▶ _The data_
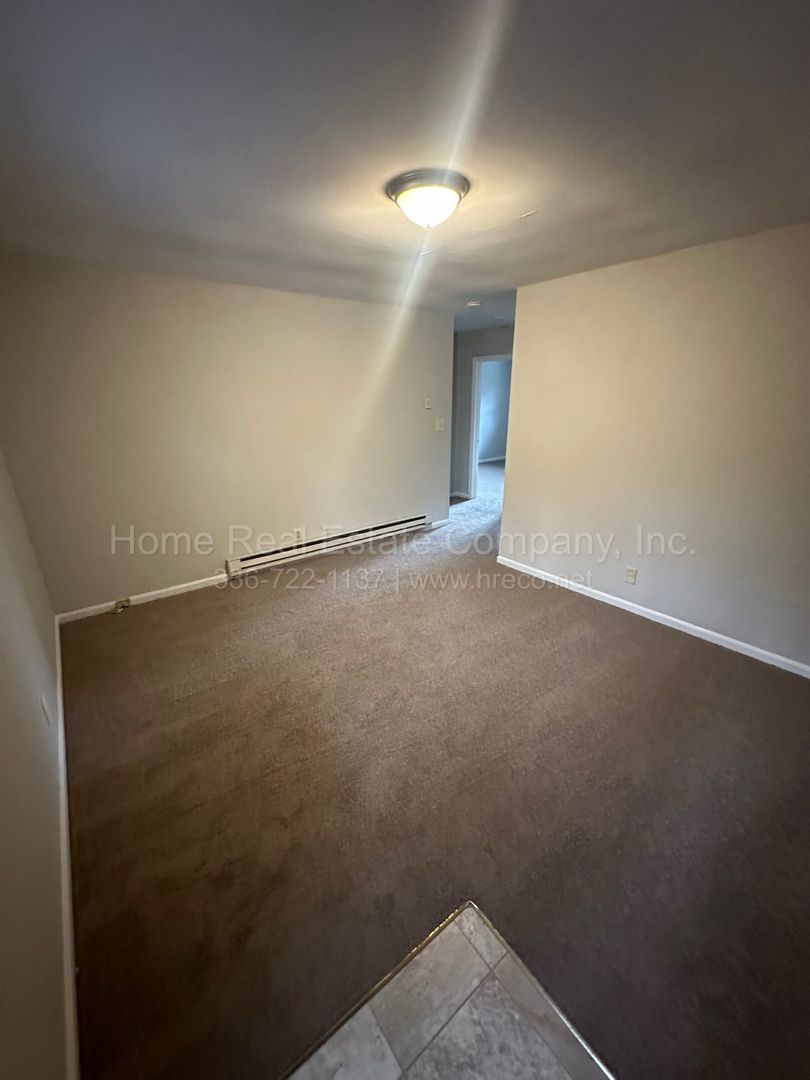Winston-Salem Apartment: 151 Westdale Avenue Apt F
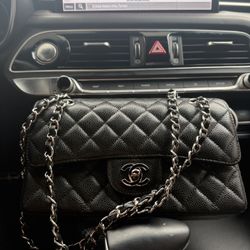 Chanel Classic 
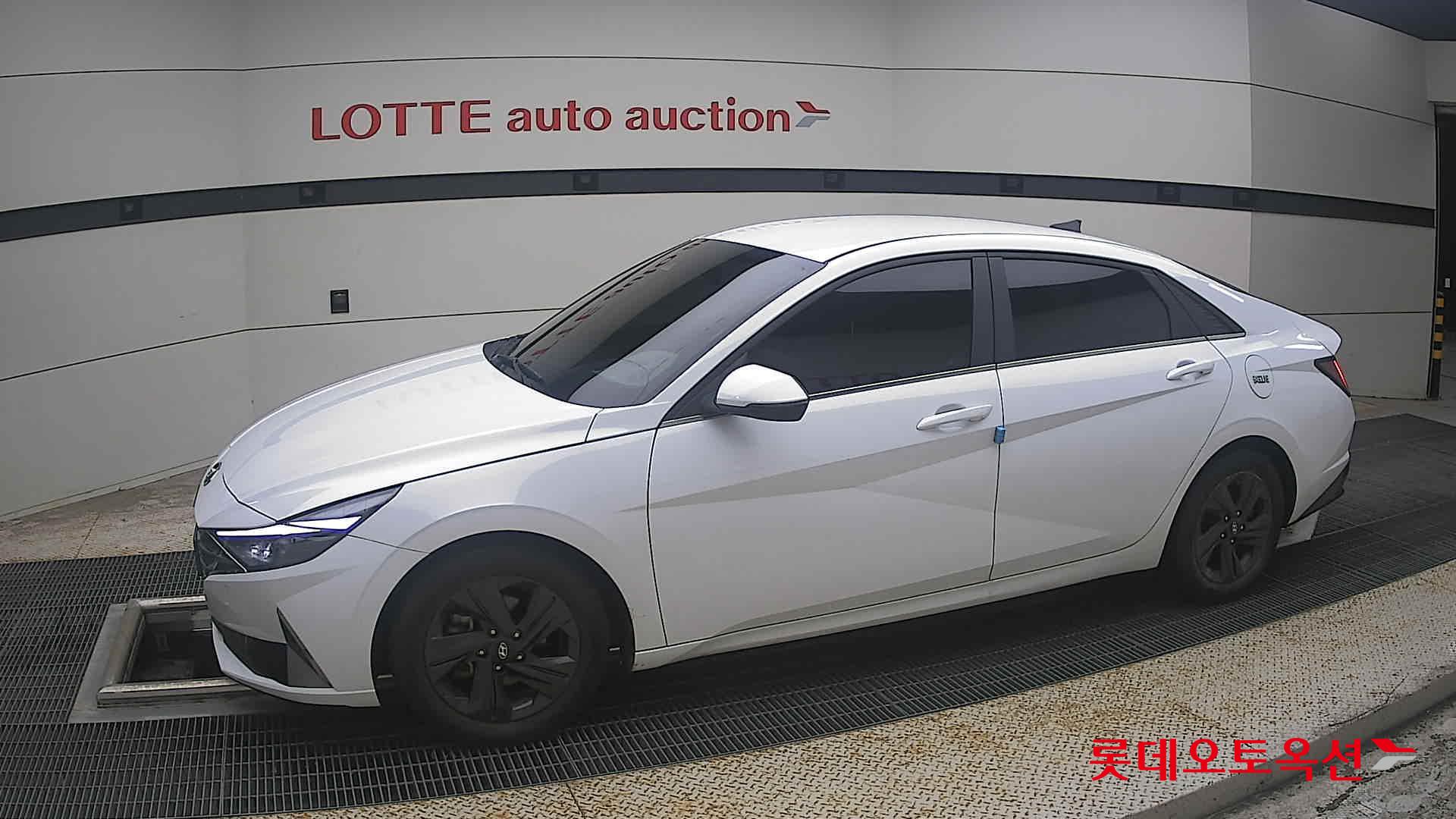 2021 - hyundai avante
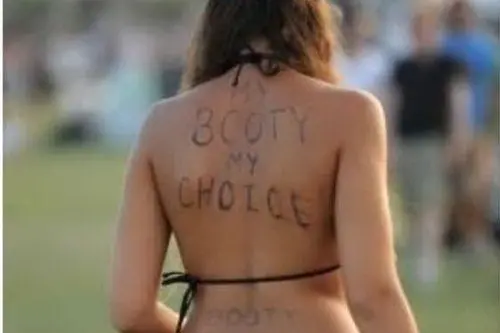Hippy e nudi al Coachella Festival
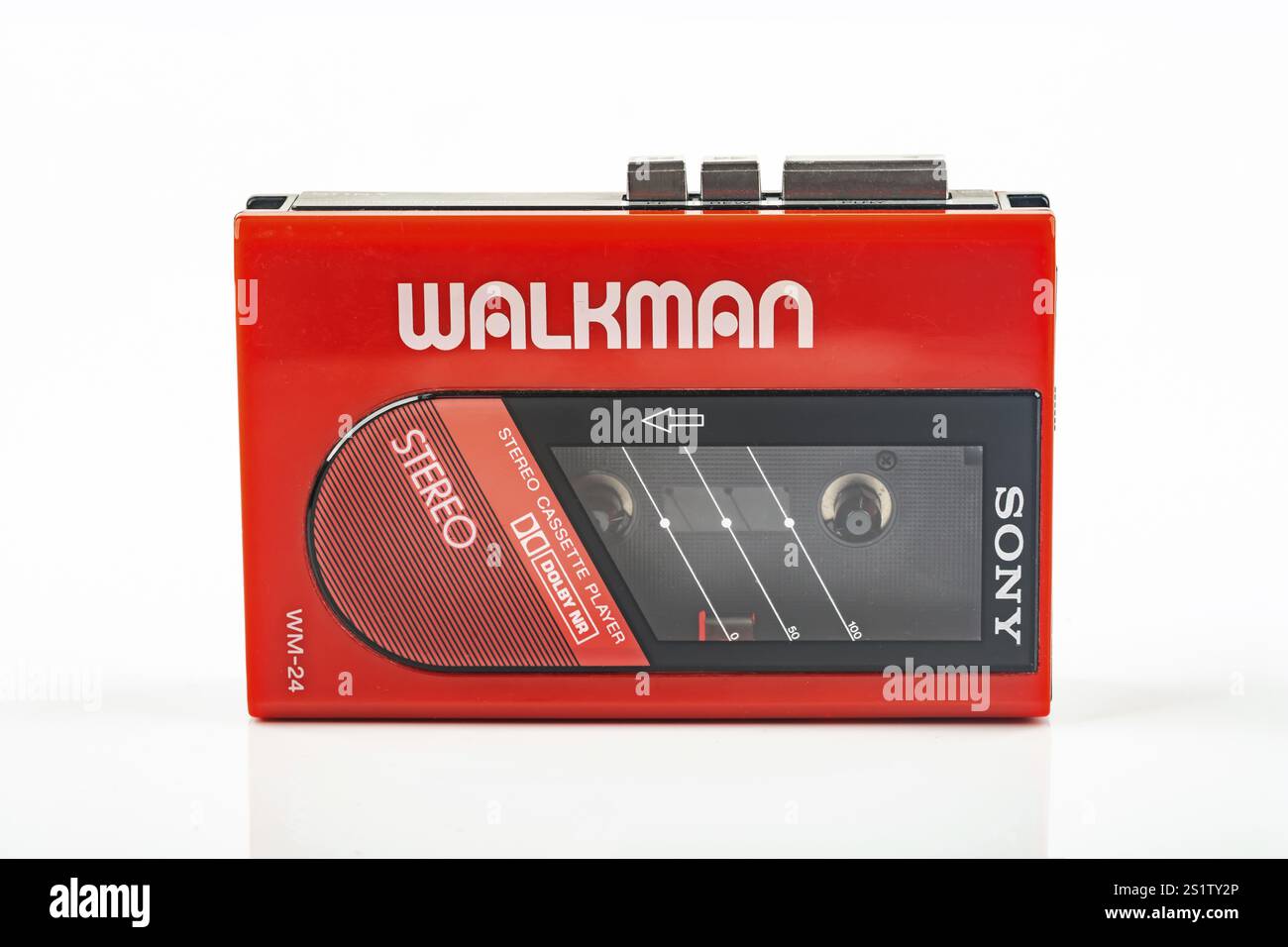 WETZLAR, Allemagne : 2022-04-16 : magnifique SONY WALKMAN WM-24 rouge vintage sur fond lumineux Banque D'Images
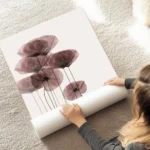 affiche de coquelicots translucides aux teintes sombres sur fond clair avec des au sol.webp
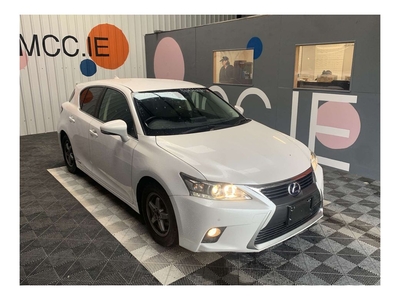 2016 (161) Lexus CT 200h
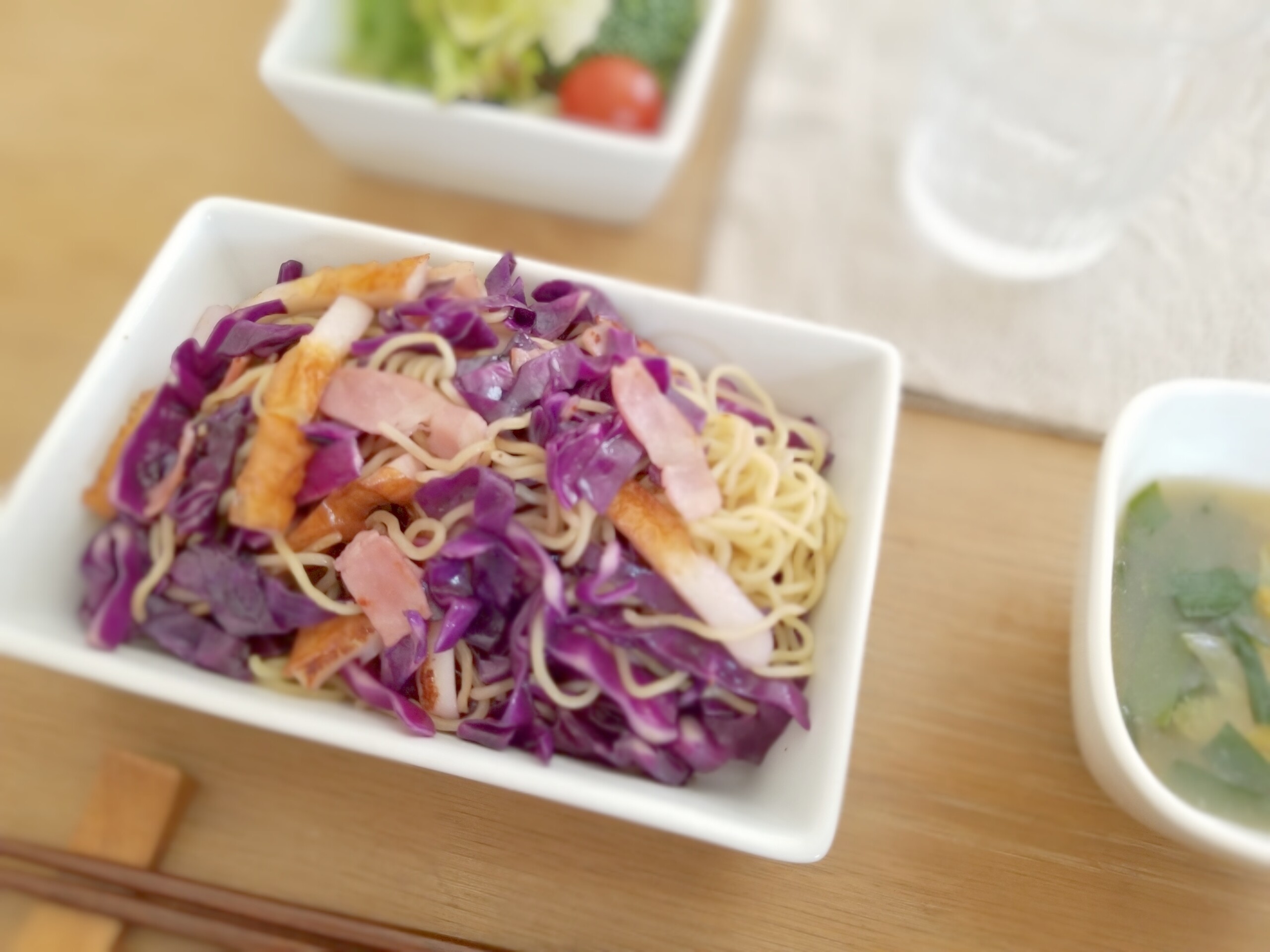 紫キャベツとちくわの塩焼そば Hanari Kitchen
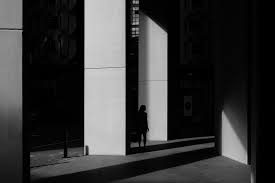 An image with high contrast will exhibit a full range of tones from black to white, with dark shadows and bright highlights. How To Shoot High Contrast Black And White Street Photography Zonefocus Net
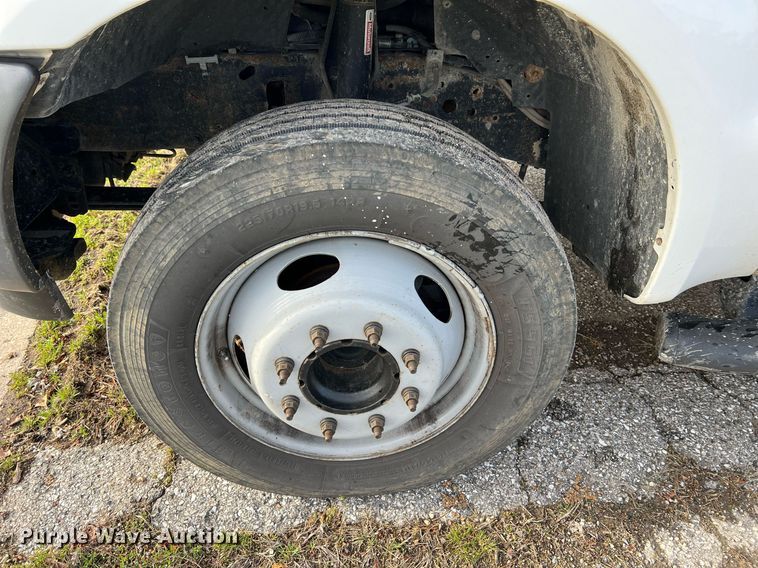 image for item LI9576 2001 Ford F550 Super Duty XL  utility / service truck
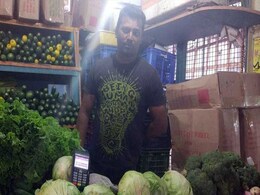 बेंगलुरु : खुदरा बाज़ार रसल मार्किट में प्लास्टिक मनी से खरीदें फल और सब्ज़ी बेंगलुरु : खुदरा बाज़ार रसल मार्किट में प्लास्टिक मनी से खरीदें फल और सब्ज़ी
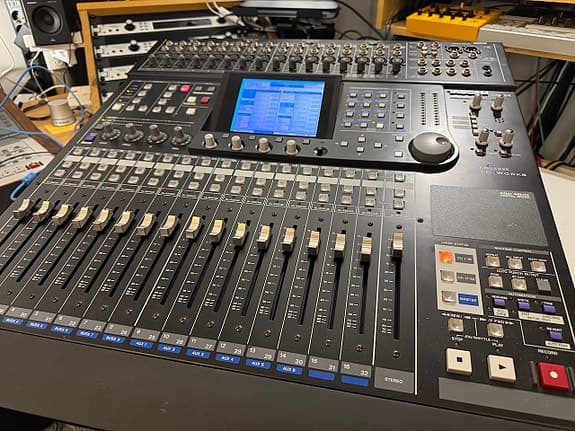 Tascam DM-24 digimikseri + Tascam IF-FW/DM Firewire kortti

▶ _Task objective_
In the records above, take every line from the opening one through the line with "affiche de coquelicots" and repeat it exactly; pictures are not part of the copy.

▶ _Problem solution_
Winston-Salem Apartment: 151 Westdale Avenue Apt F
 Chanel Classic 
 2021 - hyundai avante
Hippy e nudi al Coachella Festival
 WETZLAR, Allemagne : 2022-04-16 : magnifique SONY WALKMAN WM-24 rouge vintage sur fond lumineux Banque D'Images
 affiche de coquelicots translucides aux teintes sombres sur fond clair avec des au sol.webp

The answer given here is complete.